Bligh, like many other athletes in her position, struggles with coming to terms with the end of an era in her life. Bligh began playing soccer when she was 3 years old. Soccer has been a part of her life for as long as she can remember. She doesn’t know how to live life without it.

“My mom asked if I was okay, and she is never usually worried about me. That was something I remember. We were in my kitchen, and I came home. She asked me ‘are you okay Ava,’ and I literally just started bawling, I told her ‘I don’t have a purpose in life, I don’t know who I am anymore. All my friends are athletes, I feel like I won’t fit in.’”

Bligh describes soccer as an identity. Soccer was always something she had to do. She had to workout for soccer. She had to skip social events because of soccer. Everything she ate, drank, and did was because of soccer.

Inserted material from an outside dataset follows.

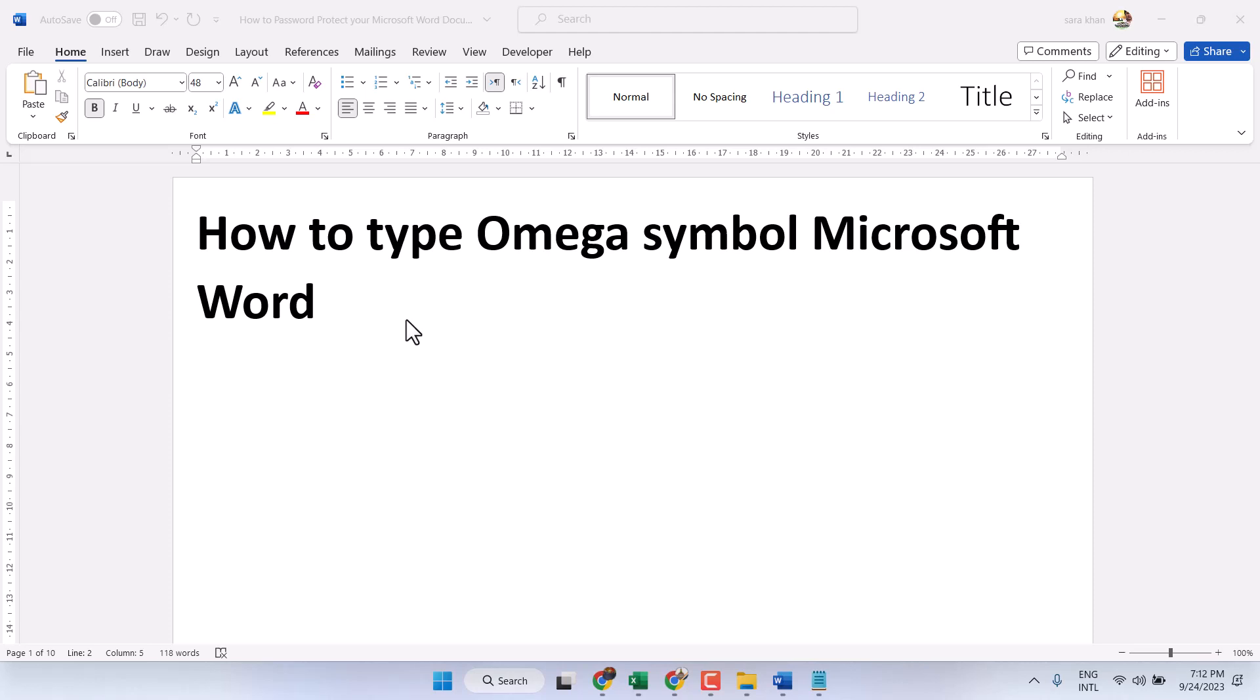In this video I will show you how to type the omega symbol in Microsoft Word. There are some methods to type this symbol.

“It was 18 years of my life, and it was my identity. That’s what I was. I went to high school, I played soccer, that was my thing, everyone knew that… I don’t really know who I am outside of soccer and I guess I’m still trying to figure that out right now. I don’t know what my purpose is. It’s always been in the back of my mind just get better at soccer, always get the touches in, you need to work out… Now that I don’t have that, it’s very confusing… I need to figure that out, what my next sense of purpose is in my life.”

Bligh is now beginning to throw herself into other parts of her life that were neglected. Soccer took up her entire life, whether it was her time, headspace, or body. Without soccer, Bligh explains what it’s like to continue her life with the largest part of it missing.

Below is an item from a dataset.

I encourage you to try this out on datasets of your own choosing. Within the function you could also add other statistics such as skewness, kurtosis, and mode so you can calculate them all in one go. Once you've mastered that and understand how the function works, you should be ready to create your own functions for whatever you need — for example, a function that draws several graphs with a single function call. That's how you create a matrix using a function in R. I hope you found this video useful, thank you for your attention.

“Once we found out about soccer being cancelled, I needed to take a break from working out, and clear my head. It was getting very confusing, why am I even doing this? I’m never going to play soccer again. To keep myself motivated I’ve been going on runs when I want to. Working out when I feel the need to.”

Bligh struggles to find motivation without soccer controlling her life. She has decided to take a break from her 18 year long training, to share time with other important factors in her life.

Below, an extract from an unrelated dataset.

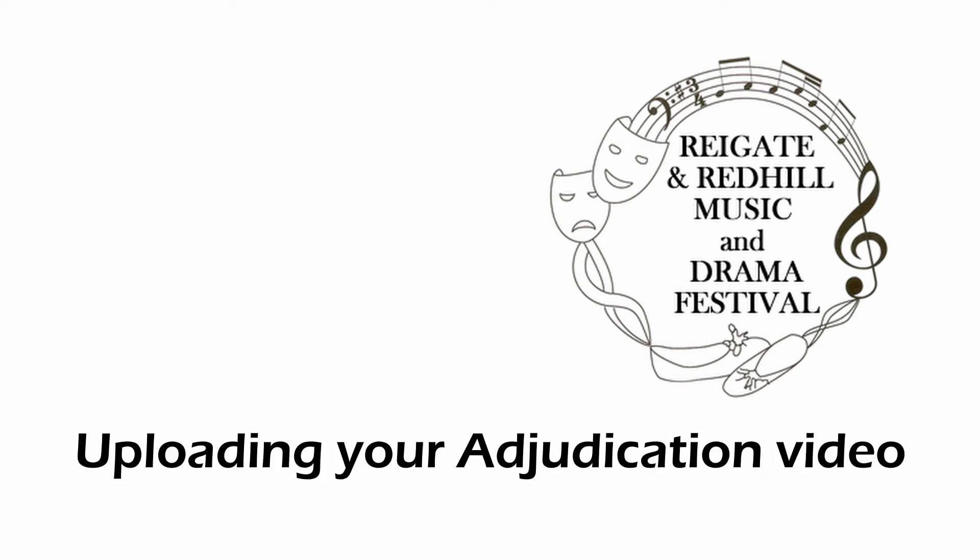In this video we're going to concentrate on the procedure for uploading your adjudicator's video. This would be a video which you've filmed which includes an overview of a class which you have adjudicated. This video assumes that your video is available on the computer from which you wish to upload it.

“Right now, I am studying for the GMAT (Graduate Management admission Test) which I take in December, which is during our usual practice times; I use that time to study. I recently got a boyfriend, that’s another thing I manage my time with for school. I try to workout but that’s on the backburner.”

As much as Bligh loves the sport, she has accepted the fact that her career in soccer is over. With her studies and other college extracurricular, she has moved onto working to be accepted into graduate school. She plans on achieving her masters in Business Administration.

Bligh nostalgically recounts, “I think I’ve grown out of it. As hard as it is to accept that I am done, and that 18 year period of my life is over, I think I’ve grown out of playing soccer, which is very strange to think about.”

Although the ending of a soccer career is heartbreaking, Bligh has made the most of her extra time without it. The memories of scoring the winning goal in a tied game will always stay with her, as nothing will ever feel quite like that moment again, but Bligh looks forward to many more memories to come, with or without soccer.